- _What needs to be done_: Only the pictures are to be dropped; the rest of the data below is to be duplicated exactly.

- _Supplied material_:
○ ○ ○ ○ ○
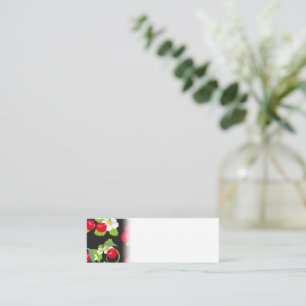 Cartão De Visita Mini Fruta Cereja Vermelha Folhas Verdes Lindas Flores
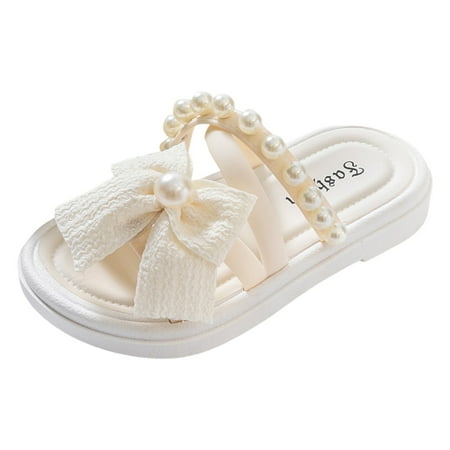 

Children Shoes Comfortable Soft Soled Slippers Fashionable Bow Tie Pearl Beach Sandals and Slippers Big Kid Slipper Big Kids Girls Super Girl Slippers Shoe Toddler Girl Toddler Bedroom Slipper Rave
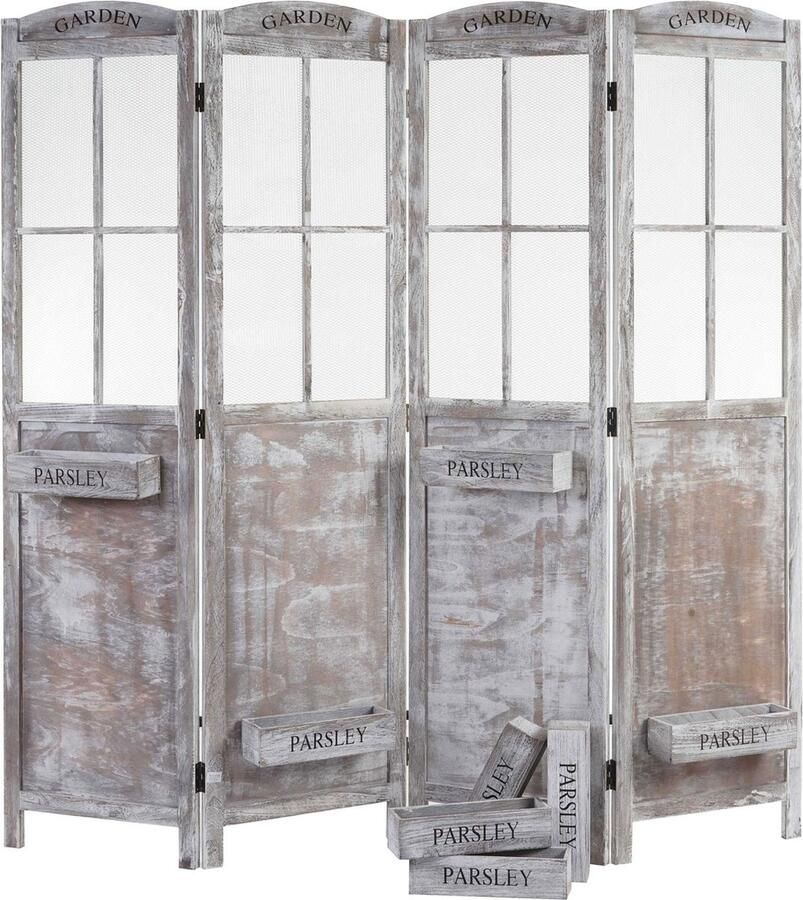 Cosmo Casa Scheidingswand Kamerscherm Paravent Multifunctioneel Opvouwbaar met Plantenmanden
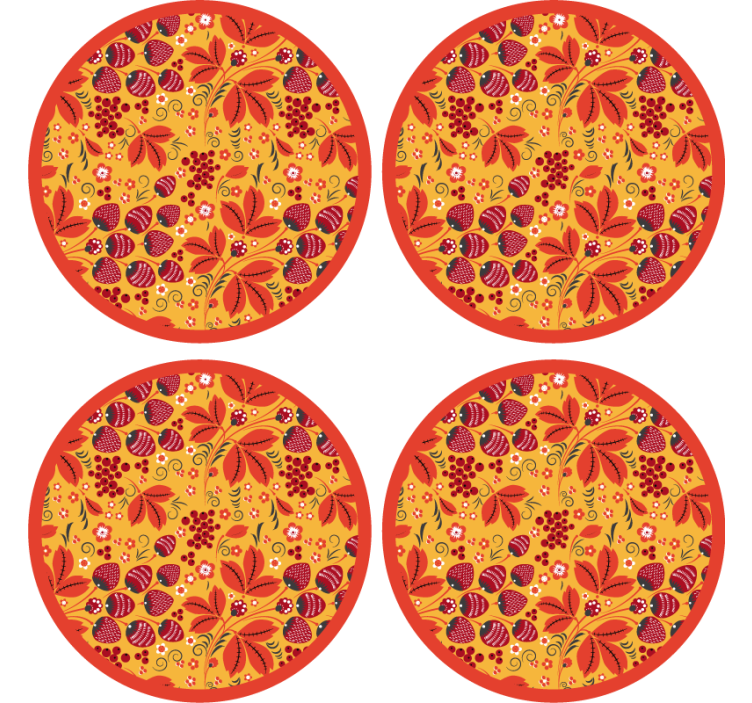 Vibrant floral motif coasters - TenStickers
○ ○ ○ ○ ○
- _Response to the exercise_:
 Cartão De Visita Mini Fruta Cereja Vermelha Folhas Verdes Lindas Flores

Children Shoes Comfortable Soft Soled Slippers Fashionable Bow Tie Pearl Beach Sandals and Slippers Big Kid Slipper Big Kids Girls Super Girl Slippers Shoe Toddler Girl Toddler Bedroom Slipper Rave
 Cosmo Casa Scheidingswand Kamerscherm Paravent Multifunctioneel Opvouwbaar met Plantenmanden
 Vibrant floral motif coasters - TenStickers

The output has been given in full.